Gas flaring in particular remains prominent no thanks to one misplaced word in the law set up as a deterrent to the practice. To prevent companies from flaring, Nigeria has sought to enforce a fine of $3.50 for every 1,000 standard cubic feet (SCF) of gas flared. Rather than expensively process gas for domestic and other uses, major oil companies resort to the cheaper option of flaring gas a waste product.

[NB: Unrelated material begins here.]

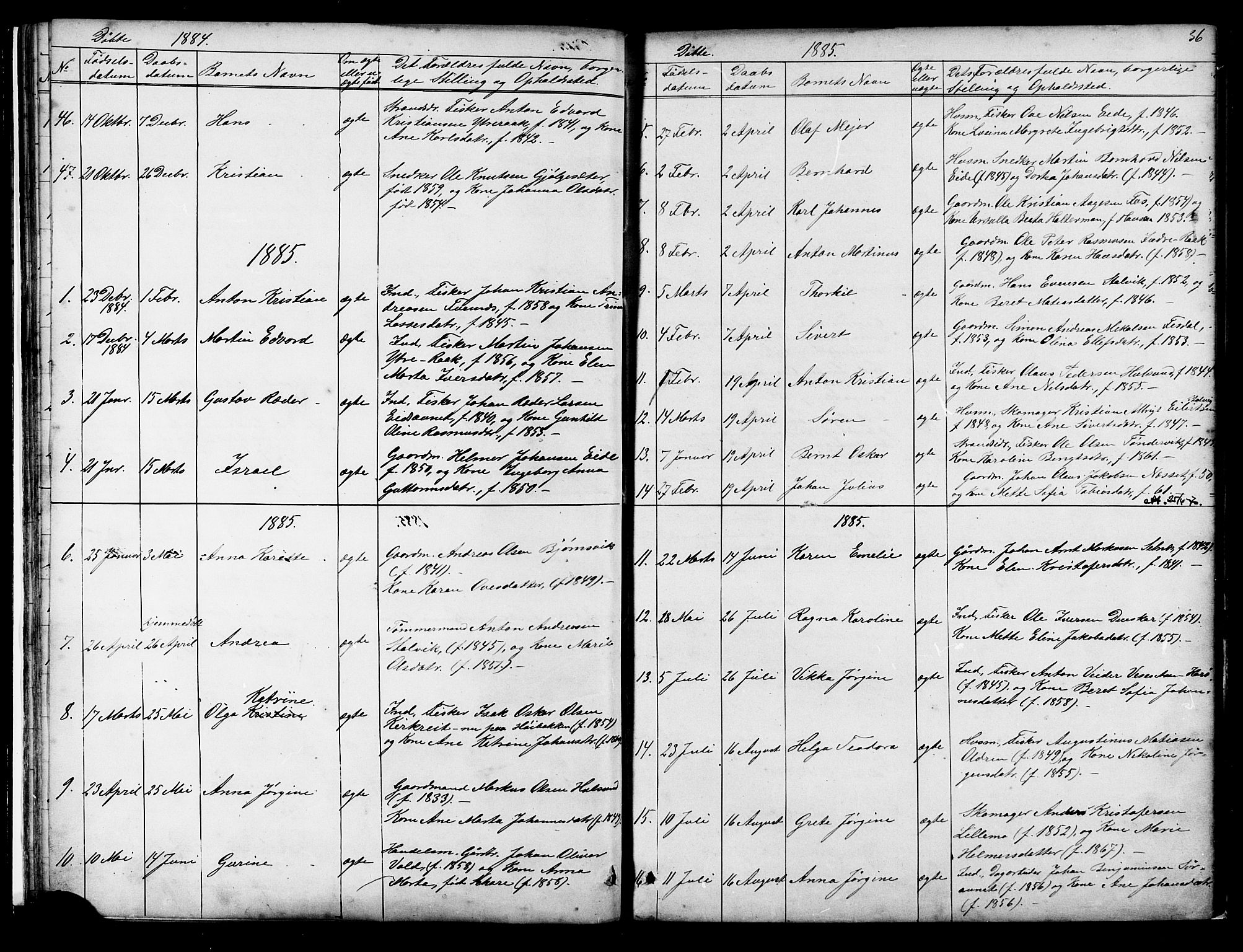 Ministerialprotokoller, klokkerbøker og fødselsregistre - Sør-Trøndelag, SAT/A-1456/653/L0657: Parish register (copy) no. 653C01, 1866-1893, p. 36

“Just that one word has potentially cost us billions of dollars.” – Nigeria’s finance minister
In trying to make it a more expensive option, the law sought to fine companies for flaring but the money to be paid was worded as a “charge” rather than a “penalty,” international oil companies continue to flare while paying the charges which are tax deductible rather than hefty fines as intended. “Just that one word has potentially cost us billions of dollars,” Kemi Adeosun, Nigeria’s finance minister has said.
Oil companies in Nigeria flare over 313 million standard cubic feet of gas annually, according to satellite data estimates from Nigeria’s environment ministry. The flared gas in turn results in the emission of 16.5 million tonnes of carbon dioxide. Adeosun says the government is now looking to amend the wording of the law.
A boy stands near oil slick polluting a farmland in Ibeno village in Nigeria’s Akwa Ibom State (Reuters/Tife Owolabi)
For Nigeria’s oil rich south, also often referred to as Niger Delta or Ogoniland, being blessed with the resource has come at a great cost. Farmlands have severely damaged and water-bodies have been polluted, affecting the livelihoods of residents.
But it’s not a problem that’s going away soon. In 2015, Shell Petroleum Development Company agreed to a clean-up of major oil spills in Bodo community in the Niger Delta region and, showing the scale of the problem, the clean up is expected to cost around $500 million and will take up to ten years to complete. In a rare victory for such communities, Shell also agreed to pay £55 million ($84 million) in settlements to Bodo community for the devastating effects of the spill.